労働問題

就業規則に規定されていれば,いつでも懲戒処分をすることはできるのでしょうか?

いつでも懲戒処分をすることができるというわけではありませんのでご注意下さい。

労基法15条には,「使用者が労働者を懲戒することができる場合において,当該懲戒が,当該懲戒に係る労働者の行為の性質及び態様その他の事情に照らして,客観的に合理的な理由を欠き,社会通念上相当であると認められない場合には,その権利を濫用ものとして,当該懲戒は,無効とする」と規定されています。

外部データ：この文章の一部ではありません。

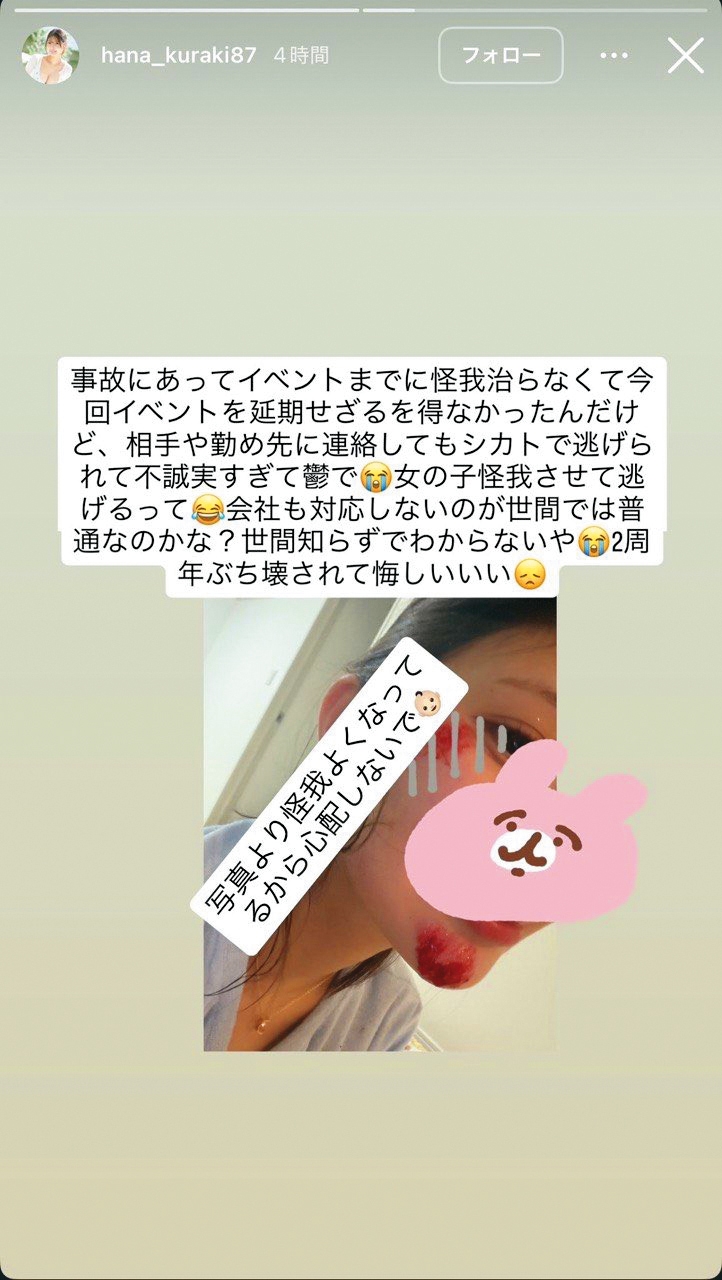 流出的對話截圖中，倉木華曾貼出自己的臉部傷勢，控訴事故後平良翔太避不處理。（翻攝自倉木華IG）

したがって,就業規則上に根拠となる規定があり,調査の結果,当該労働者の行為が懲戒事由に該当するとしても,それだけで直ちに懲戒処分が有効になるわけではなく,当該懲戒処分を行うこと自体や,仮に懲戒処分を行うとしても選択した懲戒処分の種類を考慮して,権利の濫用とならないかを確認する必要があります。

たとえば,懲戒処分を行った先例を確認して,以前同様の事案があったのであれば,その際にどのような処分がなされたか。
逆に,出勤停止の処分を行うのであれば,過去にどのような事案で出勤停止の処分がなされたのか。
その際の行為と比較して,今回の行為の方が問題かといった点を考慮して,懲戒処分の種類を決定することになります。